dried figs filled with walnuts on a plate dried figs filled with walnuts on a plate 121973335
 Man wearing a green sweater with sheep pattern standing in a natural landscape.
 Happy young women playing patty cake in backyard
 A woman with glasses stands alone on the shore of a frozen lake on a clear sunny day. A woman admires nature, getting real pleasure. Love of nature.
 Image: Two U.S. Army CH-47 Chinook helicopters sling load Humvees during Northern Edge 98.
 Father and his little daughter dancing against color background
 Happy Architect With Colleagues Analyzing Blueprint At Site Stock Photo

PROBLEM DETAILS:
Give back the entries above exactly as they are, from their first line through the line that contains "A woman with", both included, with nothing else.

OUTPUT FOR THIS EXERCISE:
dried figs filled with walnuts on a plate dried figs filled with walnuts on a plate 121973335
 Man wearing a green sweater with sheep pattern standing in a natural landscape.
 Happy young women playing patty cake in backyard
 A woman with glasses stands alone on the shore of a frozen lake on a clear sunny day. A woman admires nature, getting real pleasure. Love of nature.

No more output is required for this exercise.